Primary Election Wrap Up
June 12th was Primary Day, largely setting the field for November’s election. As always, these elections provide us with a few data points, from which various conclusions are drawn.
Republicans chose Secretary of State Charlie Summers as their candidate to run for the U.S. Senate seat being vacated by Senator Snowe. With little polling going into the election, there was much speculation as to who was ahead in this six-way race. Summers came away with a strong showing, capturing roughly 30 percent of to vote in this six-way race.
Democrats chose state Senator Cynthia Dill as their candidate to run this fall. Again, it was unclear who was in the lead in the four-way Democrat primary. Dill also came away with a strong showing, capturing roughly 45 percent of the vote in this four-way contest.
Tuesday’s winners will face former Governor Angus King and a handful of other Independent candidates that have qualified for the ballot in November.
There was a primary contest in the Republican Party in the 1st Congressional District between Senate Majority Leader Jon Courtney and merchant mariner Patrick Calder. This was a surprisingly close contest, with Senator Courtney winning by less than 300 votes. Senator Courtney will face incumbent Congresswoman Chellie Pingree in November.
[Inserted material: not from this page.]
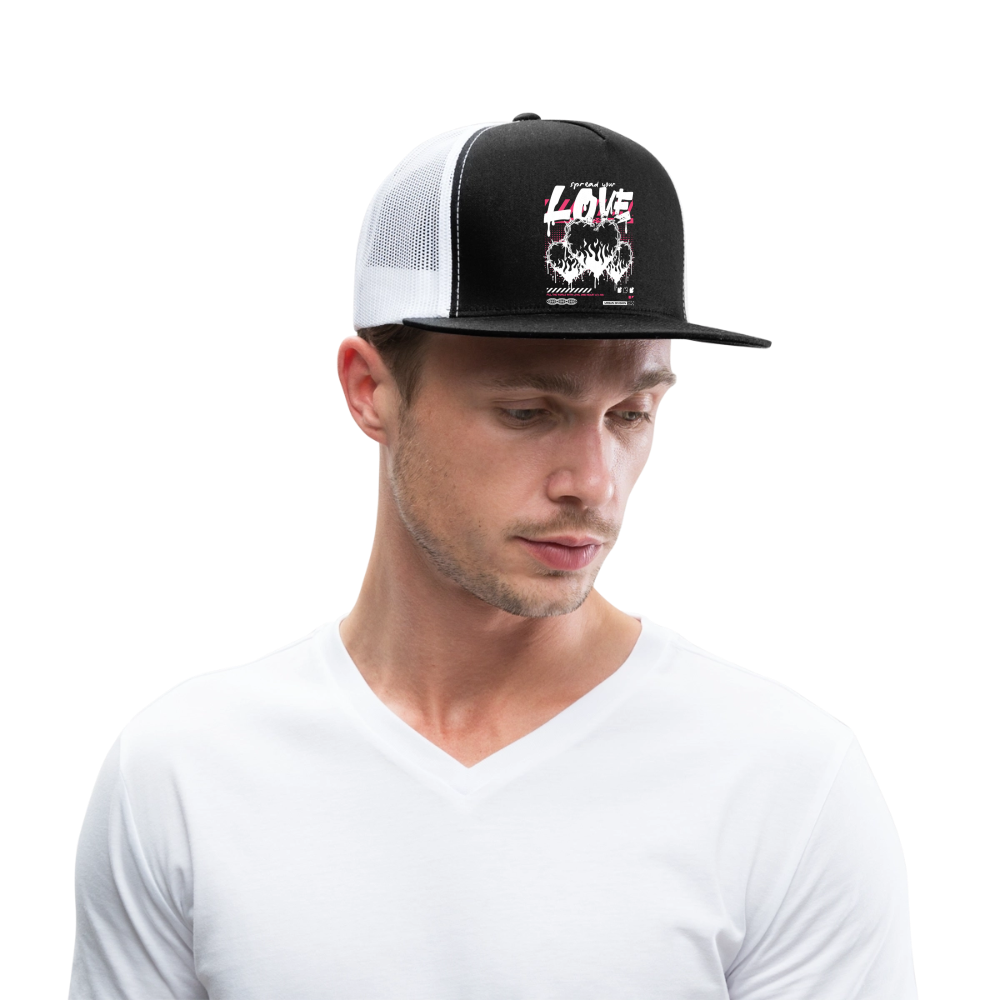 Heart of Fire - Trucker Hat - black/white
There was also a primary contest in the Republican Party in the 2nd Congressional District between Senate President Kevin Raye and naval retiree Blaine Richardson. President Raye was the victor in this contest, capturing 60 percent of the vote. President Raye will face incumbent Congressman Mike Michaud in November.
Voter turnout was extremely low on Primary Day. This was anticipated based on the small number of absentee ballots that were requested in the run up to Primary Day.
“Establishment” Versus “Grass Roots” Candidates
Further down the ballot, there were a few Republican Senate primaries that pitted current state Representatives seeking higher office against what might be termed “Tea Party,” “grass roots,” or “Libertarian” candidates. Some of these “grass roots” candidates had the support of a newly formed PAC that was an offshoot of the Ron Paul movement in Maine. Despite the Ron Paul movement’s ability to control this year’s Republican State Convention, this wing of the Party was unable to get any of its candidates on November’s ballot, as the “establishment” candidates won all of these Senate primary contests.
Another cluster of down ballot races of interest were in the Saco-Biddeford area, where an open Senate seat pitted two sitting Representatives against each other and three incumbent Representatives faced primary challengers. Adding to the intrigue, there were a number of independent expenditures in these races by outside groups. The results were uniform, with incumbents winning the primary contests and those who benefited from the independent expenditures losing their races.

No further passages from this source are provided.